• Assignment: Extract the lines beginning at the one that holds "M&S Cool & Fresh" and ending at the final line of the material below, keeping them exact and leaving out all pictures.

• The data:
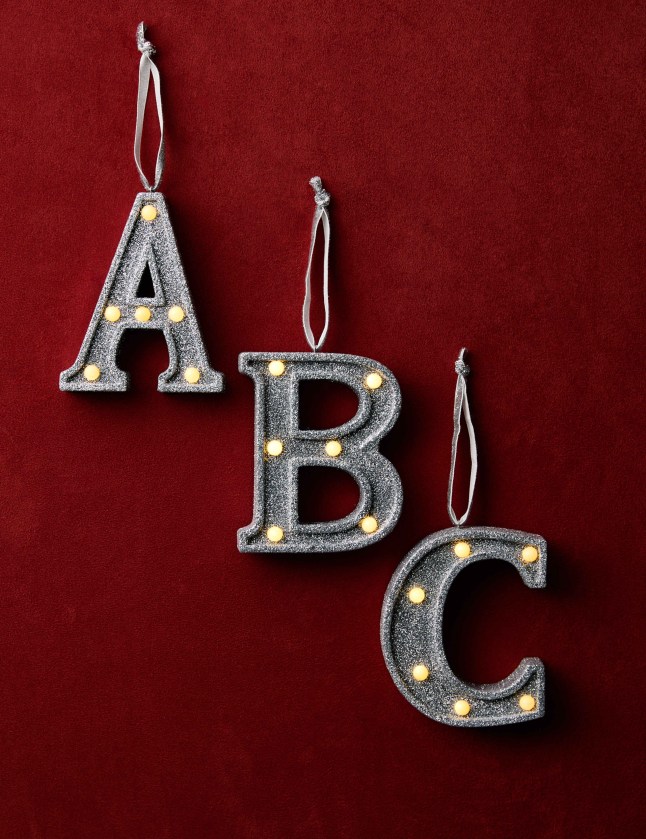 Bold letter tree decorations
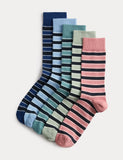 M&S Cool & Fresh striped cotton rich socks 5 pack, UK version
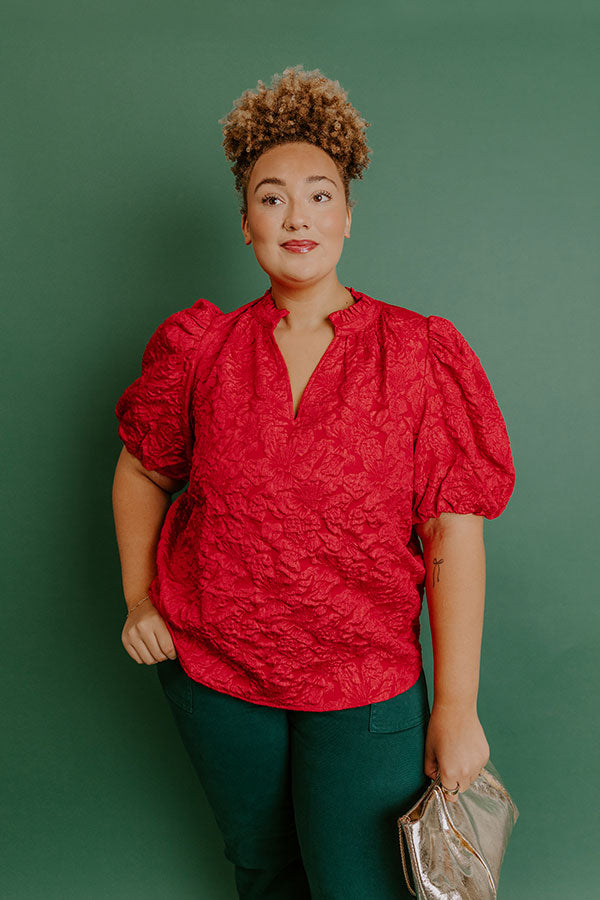 Holiday Party Jacquard Top in Red Curves Image - 1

• Exercise response:
 M&S Cool & Fresh striped cotton rich socks 5 pack, UK version
 Holiday Party Jacquard Top in Red Curves Image - 1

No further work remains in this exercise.